Q3. Android speech recognition has to respond to low latency, but they still use deep nets?

When I talk about latency, I am talking about latency that is not on the scale of a human mind where micro seconds in the training algorithm will change the difference in how much profit you make. Humans will tolerate fractions of a second, if you ask your android phone a question, it responds in absolutely micro seconds after you quit speaking, it would be a little bit creepy and annoying. It’s okay for there to be several hundred mili seconds of delay for speech recognition.

Q4. Can you see mistakes that happen at different layers of the neural net and can you go back to correct it?

The answer is that is a much deeper question than you might realise. It’s really hard for us to understand exactly what the meaning of each of the network layer is. It’s really hard for us to tell exactly what the network is doing. So it’s possible there are correcting mistakes at different layer of the network. There are some models that are designed explicitly to do that, but those aren’t the models that are the most popular right now. The models I describe in this lecture just move in one direction through the network, until maybe about 5 years ago, a very popular research direction was to understand if information flows backwards as well. We know in human brain there are 10 times more backwards connections than forward connections, we don’t necessarily know what those do, some of them might be for the learning process and not actually used to recognise new images, but they might also be used in the recognition process itself. So there are a lot of algorithms such as deep boltzman machine where more abstract layers can go back and change more concrete layers, that can possibly fix the mistakes you are talking about, but so far it has not ended up being the most popular and effective algorithm and we don’t really know why.

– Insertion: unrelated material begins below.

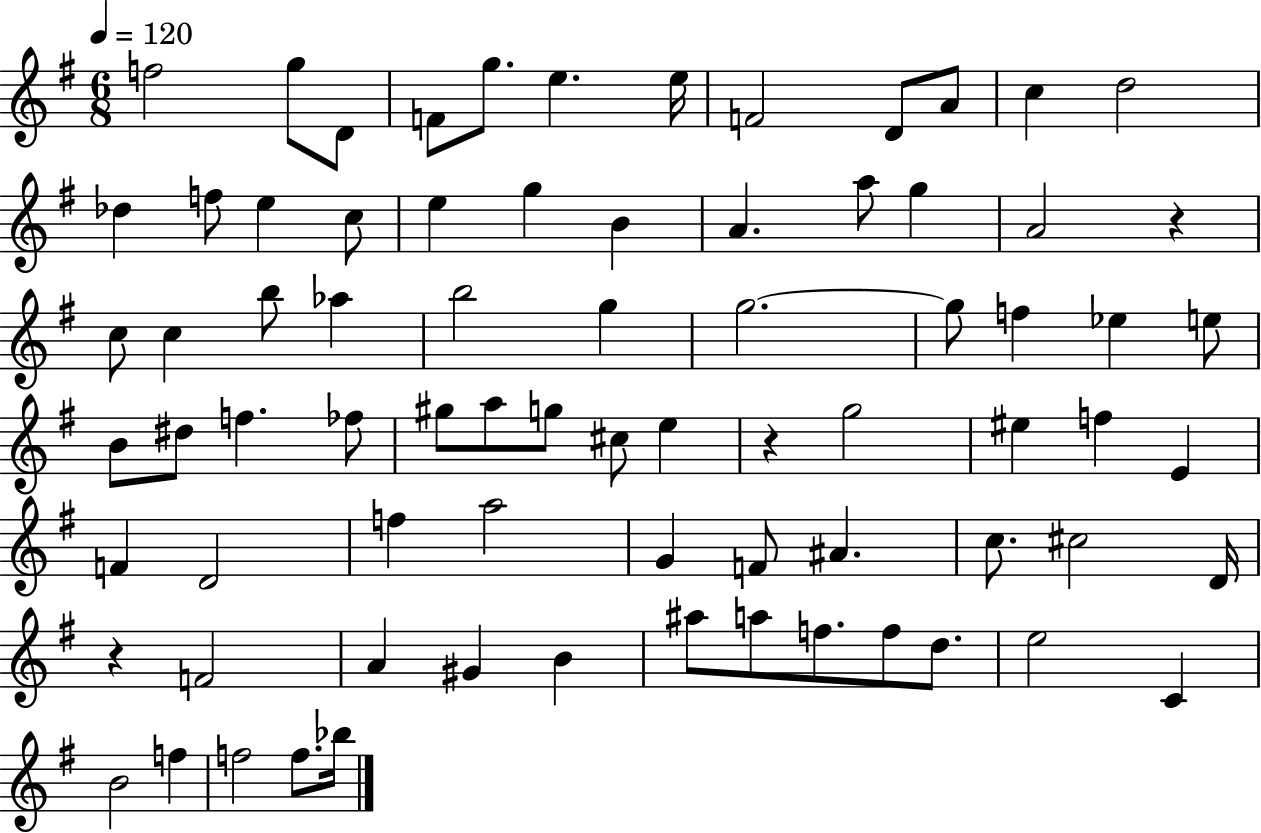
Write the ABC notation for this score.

There are a lot of research and different visualisation techniques for understanding what the intermediate layers are doing, but a lot of the different analysis techniques will show you very different results and it’s kinda of hard to understand which one we should take more seriously than others. Part of the issue is that it is such a complicated system that if you expect to find something, you can probably what you are looking for somewhere and you just don’t know if that’s the most common thing or it happens only occasionally. In biology, an example I give people is for gene transcription, you gotta to read a gene out of a DNA and how does the body actually decides where to start reading and where to stop reading? Well the default mechanism we usually have is there’s a start code and stop code, but then there are other mechanisms, such like as the DNA transcription enzyme starts to read DNA and copy the RNA, the RNA is designed to swing around and hit the enzyme and knocks it off the DNA. So it’s a completely crazy mechanism but the body actually decides to use it somewhere. I think neural nets are a little bit like that, if you can think of a mechanism, it probably happens somewhere in some neural net, and it can be hard to tell if you are finding a mechanism that happens only occasionally. This is a popular research area but at the moment I would say techniques for analysing neural nets haven’t reached a solid conclusion yet. And a lot of them find almost contradictory things to each other.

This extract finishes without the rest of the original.